Заведующий Домом ученых, толстый, брюхастый Родэ, в визитке и галстуке, поразительных для тех времен, прочел записку Горького и, глядя на меня, сказал:
— Вам действительно надо попытаться. Ну, мы вас откормим. Смотрите, какое у меня брюхо, несмотря на революцию!
Брюхо у него, верно, было удивительное. Оно мне не понравилось, не понравился мне и весь тон его разговора, я старался приходить в Дом ученых лишь тогда, когда мне приходилось совсем плохо.
О, этот Дом ученых! О, эти очереди за кониной! Ломовики, тяжело пыхтя, ввозят прекрасные буханки хлеба. Бочки с селедкой! Селедка пахнет несказанно обольстительно, у ней ржавый цвет металла, и это тоже обольстительно. Приказчики смертельно вежливы. Очереди. В очередях неслыханно вежливый разговор, и стоят сплошь профессорши! Как я благоговел перед профессоршами! Я стоял, подняв плечи и собрав локти, и мне совестно было брать ту пищу, которой питаются ученые, мудрецы, академики. Поленницы дров, громоздящиеся во дворе, согревают их конечности, горячее кофе наполняет их желудки. Какие величественные и прекрасные очереди, и как сияет великолепная Нева, а я иду из этой очереди по набережной — тоже почти ученый, — дотрагиваюсь до перил (из гранита, черт возьми, из гранита, воспетого Пушкиным!) и думаю: а ведь я дотрагиваюсь до петербургского гранита!
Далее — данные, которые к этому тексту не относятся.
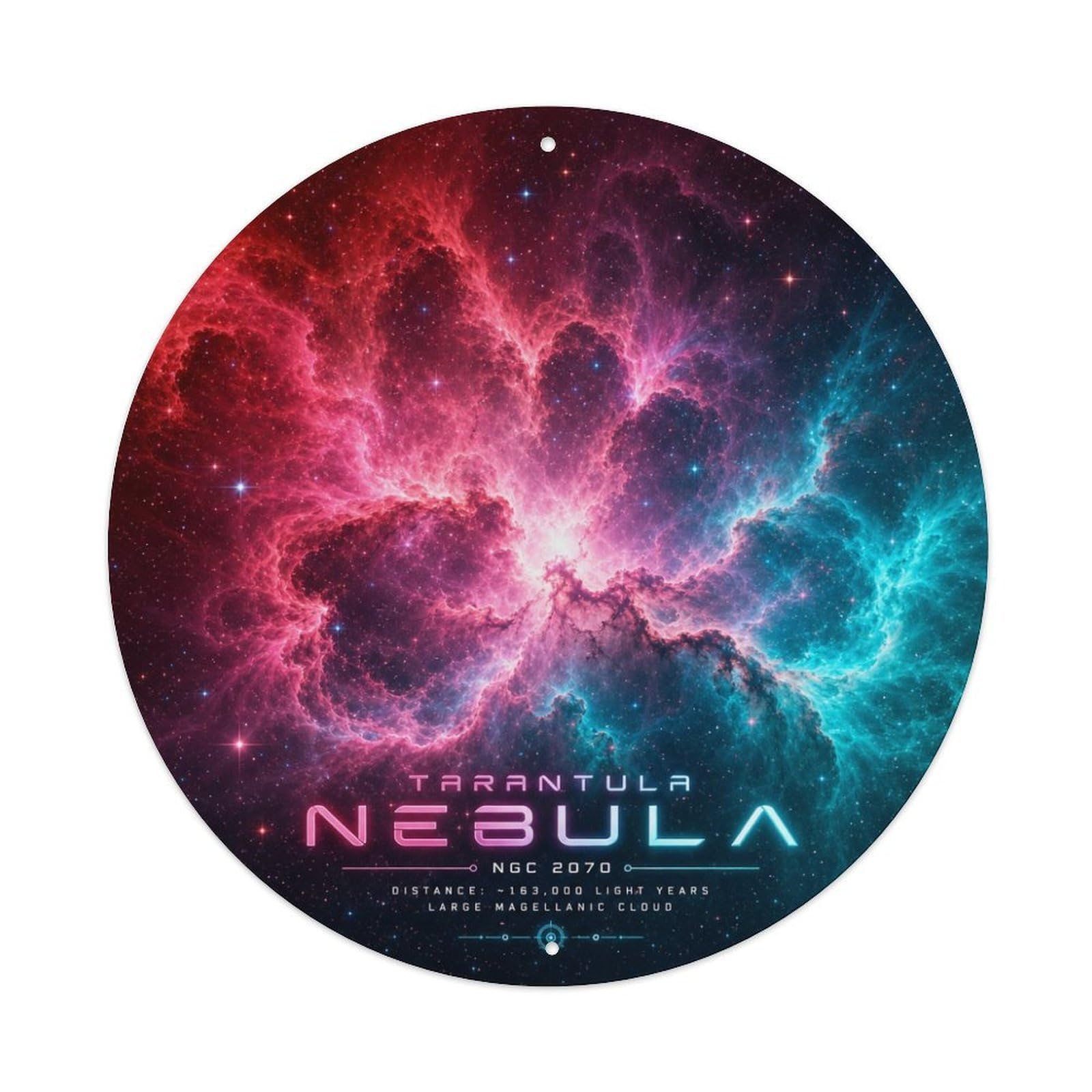 Tarantula Nebula Cosmic Astral Starscape Retro Sci Fi Metal Tin Sign Plaque Wall Decor for Cafe, Man Cave, Club Bar, Office, Home Garden Round Metal Poster 8x8Inch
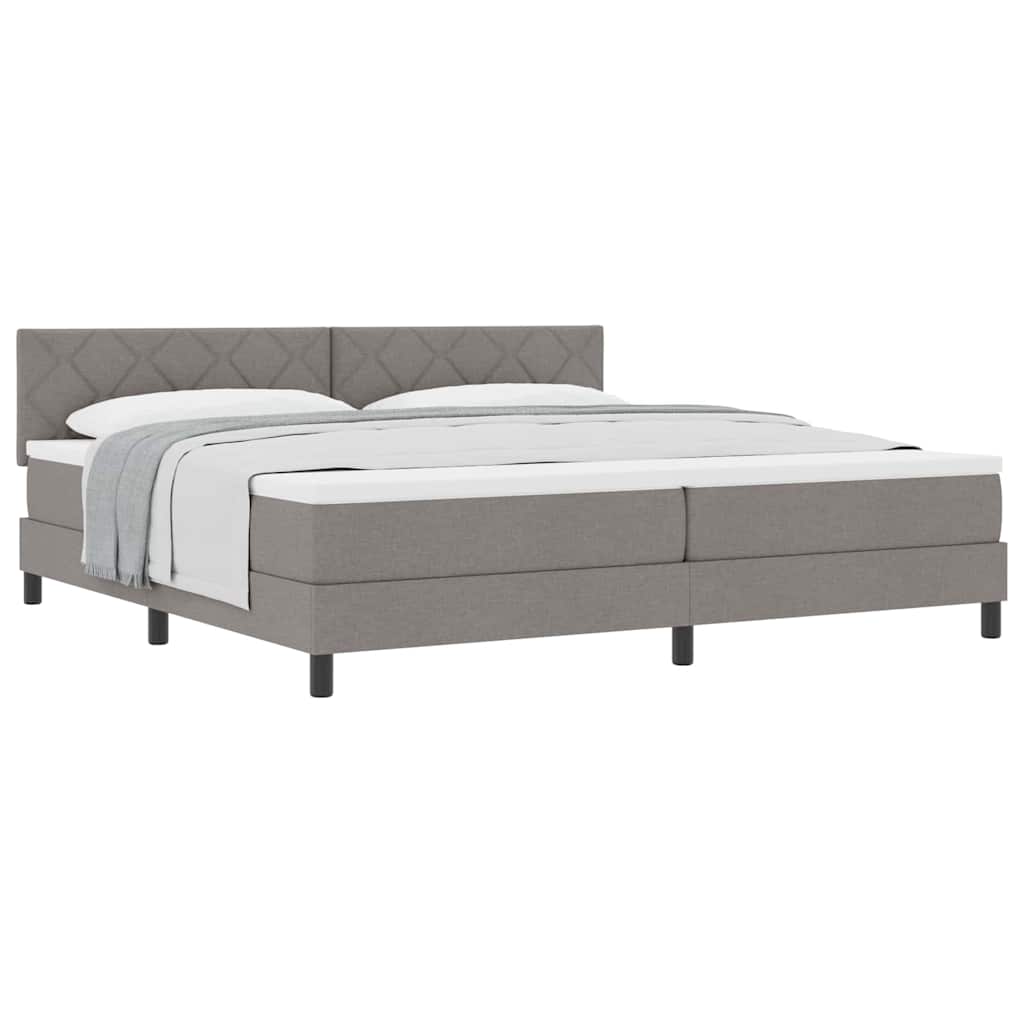 Boxspring ágy matraccal matracmal Tópszínű 200 x 200 cm szövet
Несомненно, что я испытал весьма много. Но видеть и пережить многое — не значит, что это многое вы так вот сразу и сумеете вложить в рамки романа или рассказа. Умение писать находится к жизненным приключениям на таком же расстоянии, как умение строить дома к умению строить шалаш. Я этого не понимал. Резко вскинутый своим воображением кверху, я писал рассказ за рассказом на обороте географических карт, которые вырывал из Британской энциклопедии. Горький иногда звонил мне по телефону. «Едите, пишете?» — ласковым своим басом спрашивал он. «Ем и пишу», — отвечал я. Его заботу я принимал за желание поторопить меня в моих писаниях. А может быть, мне вообще хотелось писать, и я при любых обстоятельствах писал бы?